I did not force client to use the same allocator, but help
to use the same allocator if she/he wants
Interface of this service will be done in allocator if style =>
client code saves it within own structs.
So client always has access to allocator used by all participants…
Rough example of main interface Ampe - async message passing engine:
pub const Ampe = struct {
.........................................
/// Gets a message from the internal pool based on the allocation strategy.
pub fn get(ampe: Ampe, strategy: AllocationStrategy) status.AmpeError!?*message.Message {
.........................................
}
/// Returns a message to the internal pool.
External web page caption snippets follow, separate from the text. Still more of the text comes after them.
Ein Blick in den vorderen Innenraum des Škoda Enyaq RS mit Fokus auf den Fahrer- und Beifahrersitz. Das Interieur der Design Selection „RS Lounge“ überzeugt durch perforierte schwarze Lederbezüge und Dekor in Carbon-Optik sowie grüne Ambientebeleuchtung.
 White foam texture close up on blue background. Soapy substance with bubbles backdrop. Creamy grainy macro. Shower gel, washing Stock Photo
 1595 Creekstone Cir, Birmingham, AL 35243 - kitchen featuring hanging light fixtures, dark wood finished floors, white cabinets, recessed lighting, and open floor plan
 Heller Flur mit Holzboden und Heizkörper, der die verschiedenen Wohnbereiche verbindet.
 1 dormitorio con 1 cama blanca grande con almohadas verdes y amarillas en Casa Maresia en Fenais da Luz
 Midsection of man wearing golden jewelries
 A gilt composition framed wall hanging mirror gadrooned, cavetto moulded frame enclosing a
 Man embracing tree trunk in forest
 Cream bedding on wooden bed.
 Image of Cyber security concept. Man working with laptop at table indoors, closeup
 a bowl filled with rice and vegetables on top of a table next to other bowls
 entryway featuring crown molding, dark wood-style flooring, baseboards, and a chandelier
pub fn put(ampe: Ampe, msg: *?*message.Message) void {
.........................................
}
/// Creates new Channels.
pub fn create(ampe: Ampe) status.AmpeError!Channels {
.........................................
}
/// Destroys Channels, stops communication, and frees memory.
pub fn destroy(ampe: Ampe, chnls: Channels) status.AmpeError!void {
.........................................
}
/// Gets allocator used by engine for all memory management.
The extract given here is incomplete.